- **SOURCE DATA**:
################

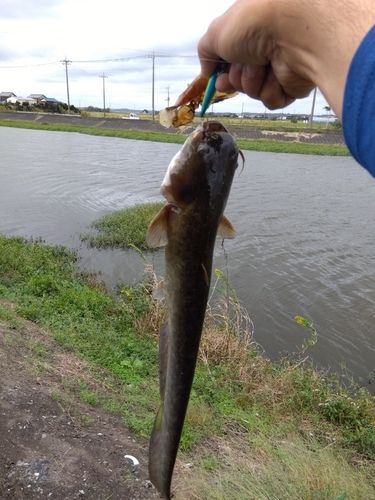 ナマズの釣果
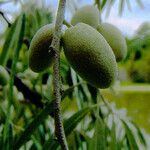 Elaeagnus commutata Frucht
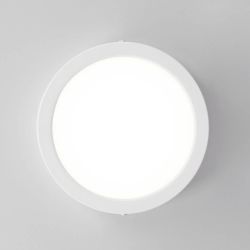 Citilux Галс CL5516N Светильник накладной светодиодный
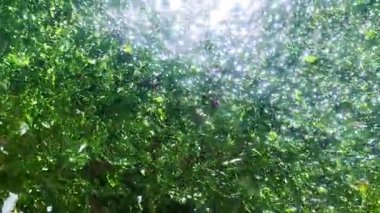 Karadeniz kıyısında fırtına tarafından koparılmış yeşil yosunlar, su yüzeyinde güneş parlıyor.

################

- **YOUR GOAL**: Nothing but the lines from the one containing "Elaeagnus commutata Frucht" through the last line of the material may appear in the answer, transcribed exactly and with no pictures.

- **RESULT**:
 Elaeagnus commutata Frucht
 Citilux Галс CL5516N Светильник накладной светодиодный
 Karadeniz kıyısında fırtına tarafından koparılmış yeşil yosunlar, su yüzeyinde güneş parlıyor.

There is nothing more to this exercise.